▶ _Task requirements_
Every record below is to be copied exactly, with its images omitted.

[Data extracted from a collection]

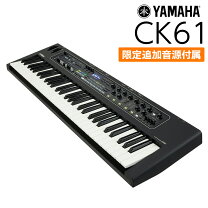 楽天市場】YAMAHA CK61の通販
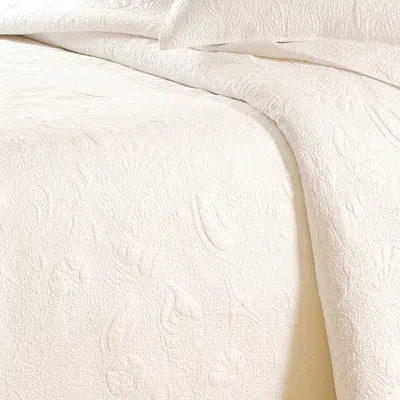 C & F Home Ivory Cotton Reversible Modern & Contemporary Quilt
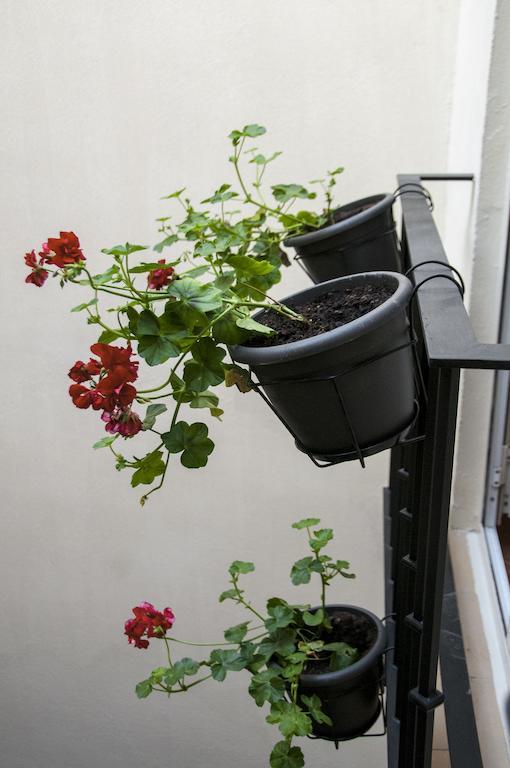 Guest house Callejon Del Agua Seville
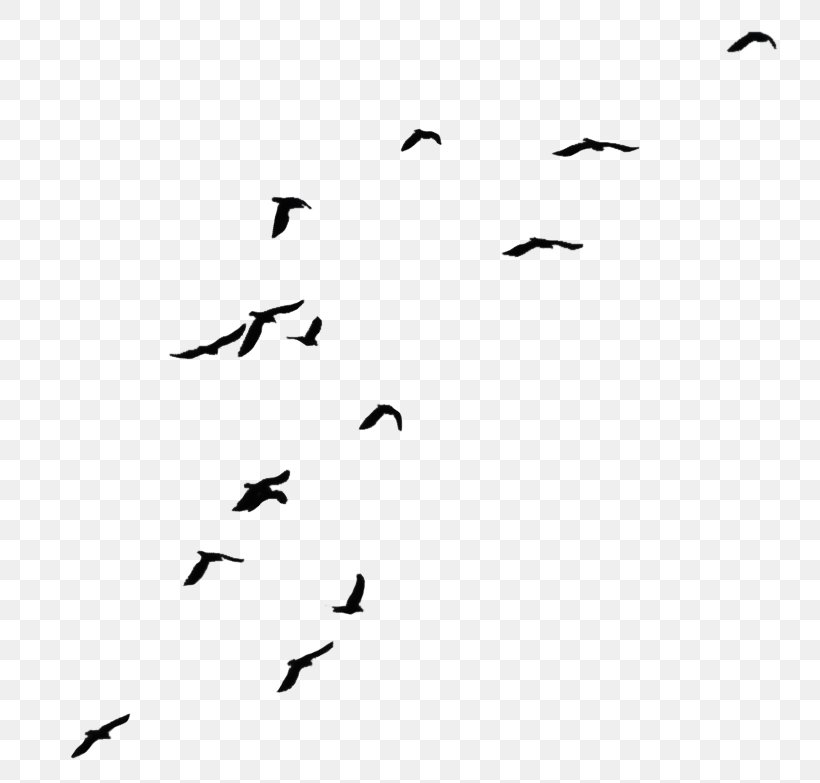 Crows Bird Flight Clip Art, PNG, 773x783px, Bird, Area, Black, Black And White, Flock Download Free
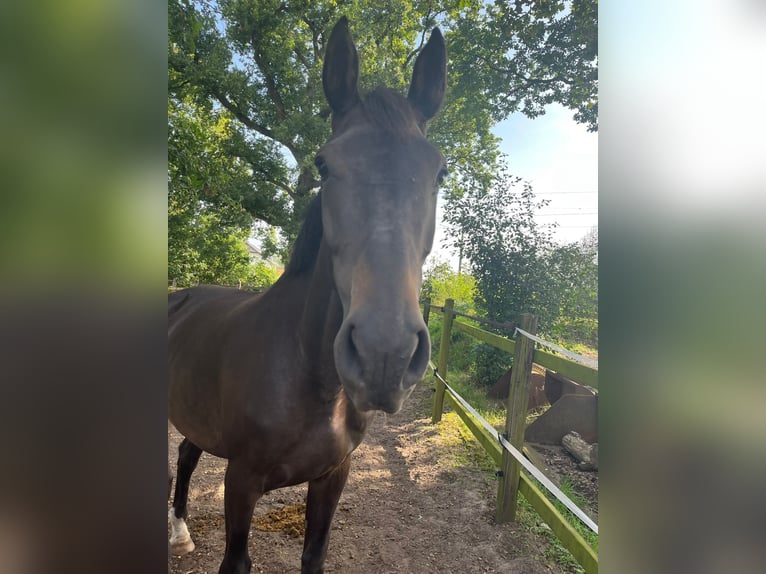 Oldenburg-International (OS) Mare 5 years 16,1 hh Bay-Dark in Damme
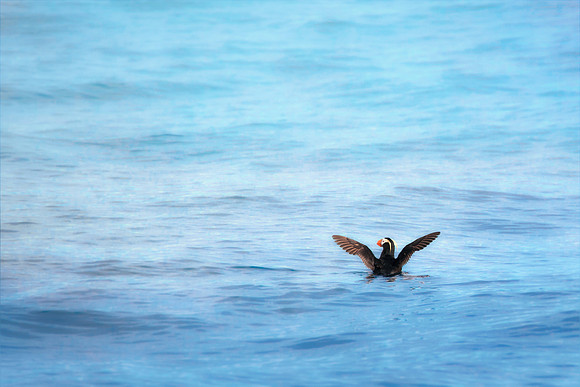Puffin at Sea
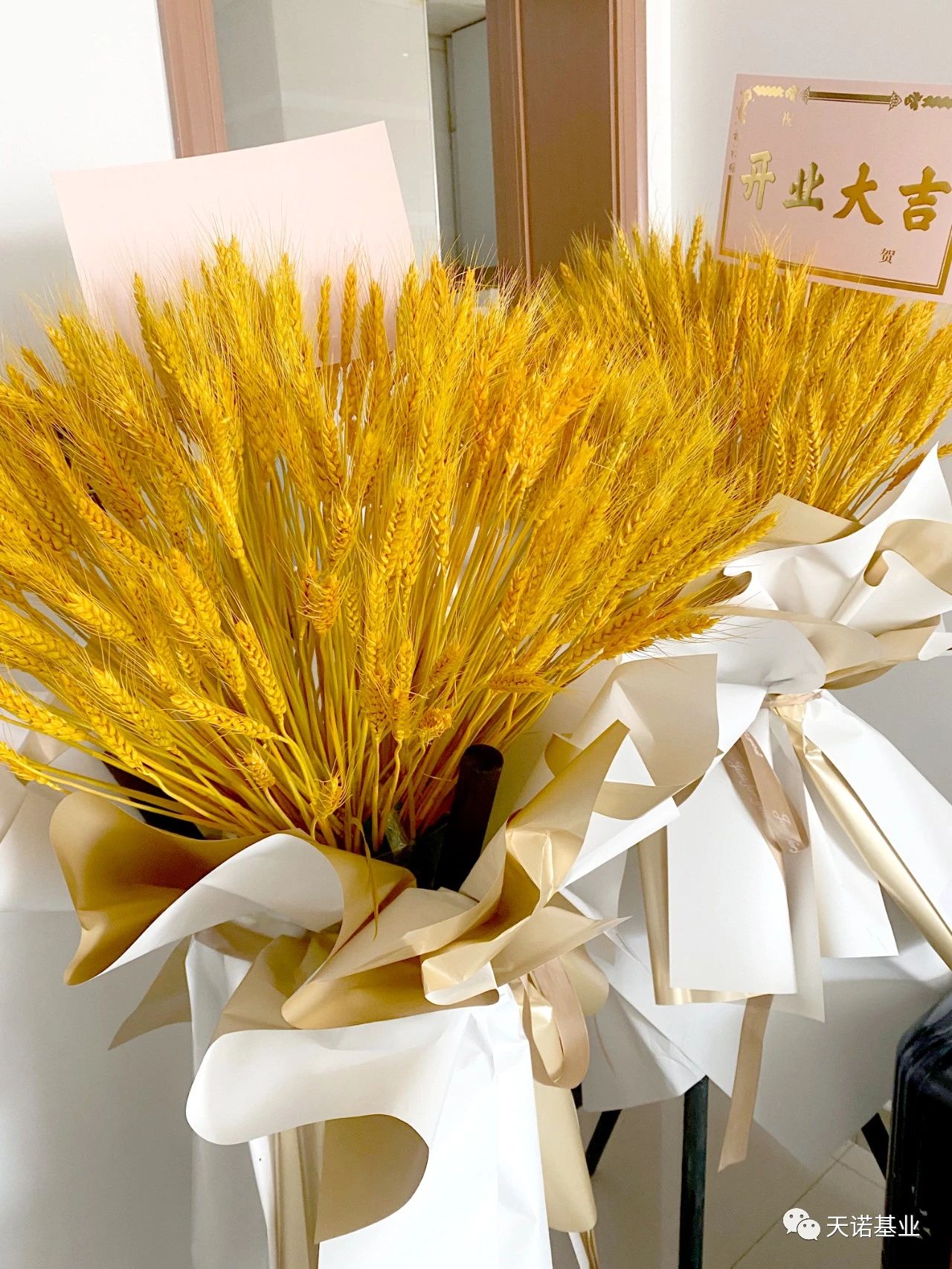 日出水了特别黄的视频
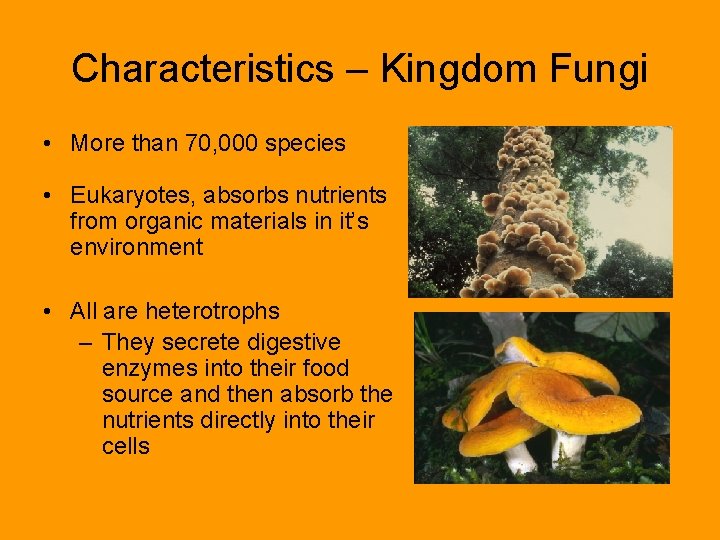 Characteristics – Kingdom Fungi • More than 70, 000 species • Eukaryotes, absorbs nutrients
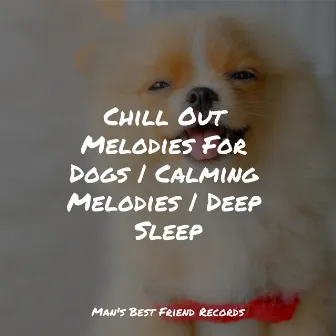 Chill Out Melodies For Dogs | Calming Melodies | Deep Sleep by 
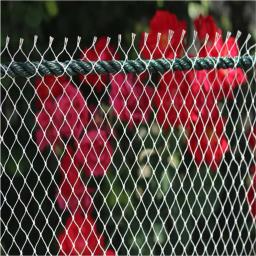 Jardim Nylon Pesca Net Pull, Anti Bird Nets, Rede De Reprodução, Varanda Rede De Segurança, Caindo Net, Proteção De Cerca, Gato E Cão - Image 6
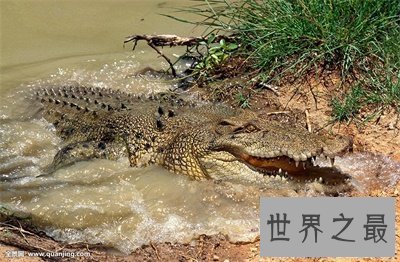 【图】最大的鳄鱼也太大了吧 看得我瑟瑟发抖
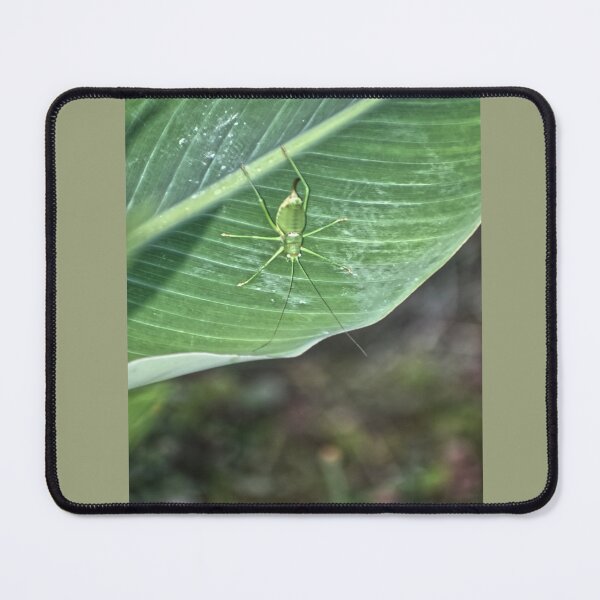 Item preview, Green Hopper on a Green Leaf designed and sold by StylishDecor.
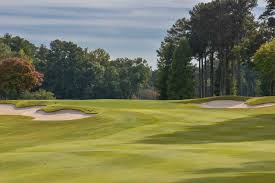 Image result for Tadworth Athletic Club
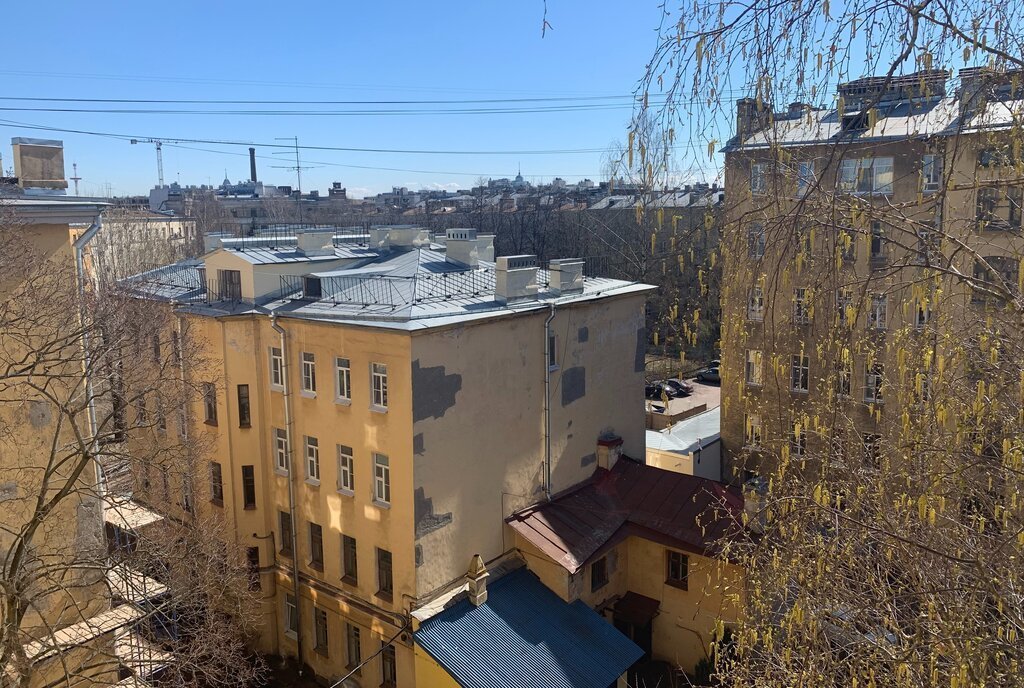 квартира г Санкт-Петербург метро Петроградская Петроградская сторона ул Рентгена 11 Посадский округ фото 12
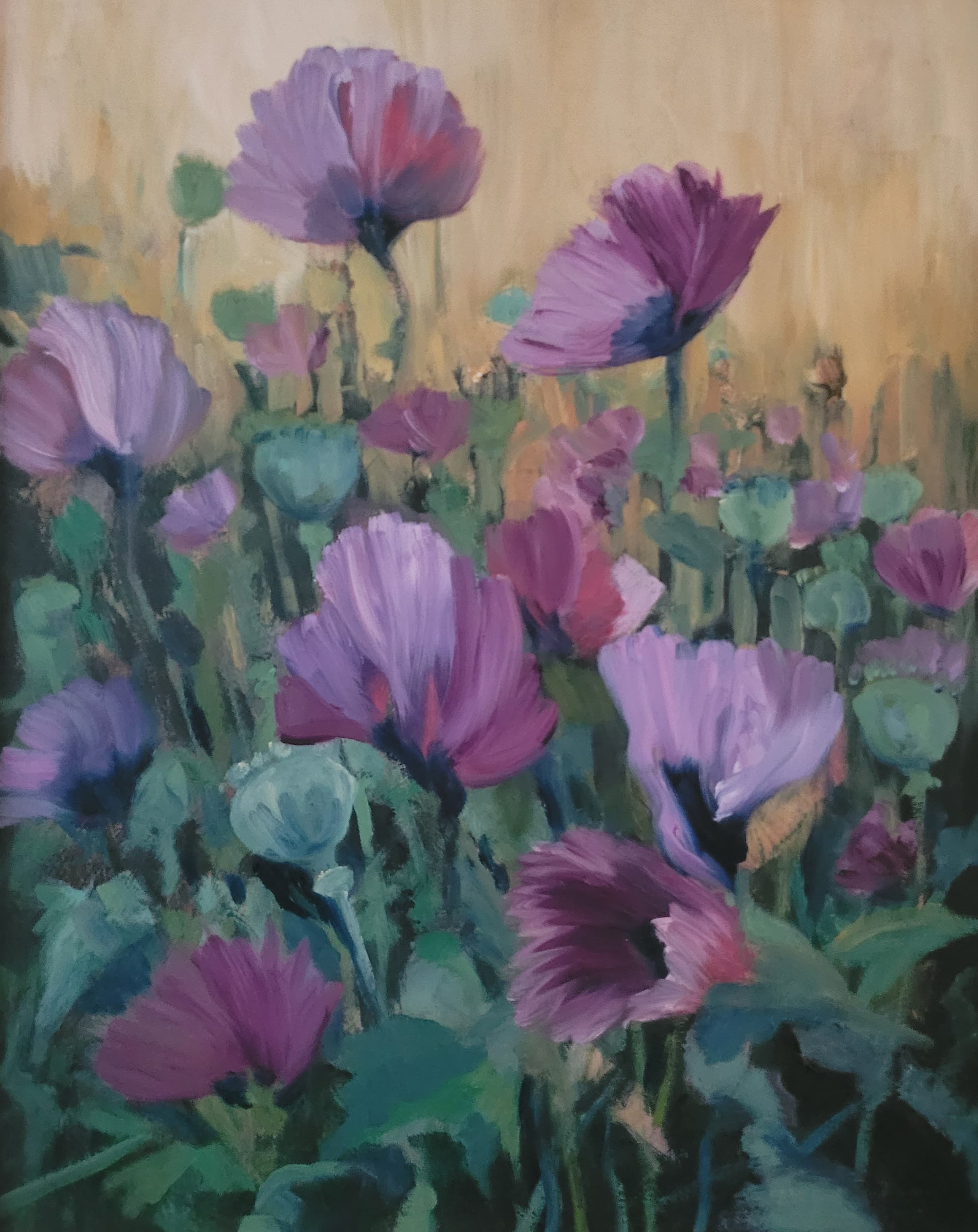 Hollyhocks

▶ _Output_
 楽天市場】YAMAHA CK61の通販
 C & F Home Ivory Cotton Reversible Modern & Contemporary Quilt
 Guest house Callejon Del Agua Seville
 Crows Bird Flight Clip Art, PNG, 773x783px, Bird, Area, Black, Black And White, Flock Download Free
 Oldenburg-International (OS) Mare 5 years 16,1 hh Bay-Dark in Damme
Puffin at Sea
 日出水了特别黄的视频
 Characteristics – Kingdom Fungi • More than 70, 000 species • Eukaryotes, absorbs nutrients
 Chill Out Melodies For Dogs | Calming Melodies | Deep Sleep by 
 Jardim Nylon Pesca Net Pull, Anti Bird Nets, Rede De Reprodução, Varanda Rede De Segurança, Caindo Net, Proteção De Cerca, Gato E Cão - Image 6
 【图】最大的鳄鱼也太大了吧 看得我瑟瑟发抖
 Item preview, Green Hopper on a Green Leaf designed and sold by StylishDecor.
 Image result for Tadworth Athletic Club
 квартира г Санкт-Петербург метро Петроградская Петроградская сторона ул Рентгена 11 Посадский округ фото 12
 Hollyhocks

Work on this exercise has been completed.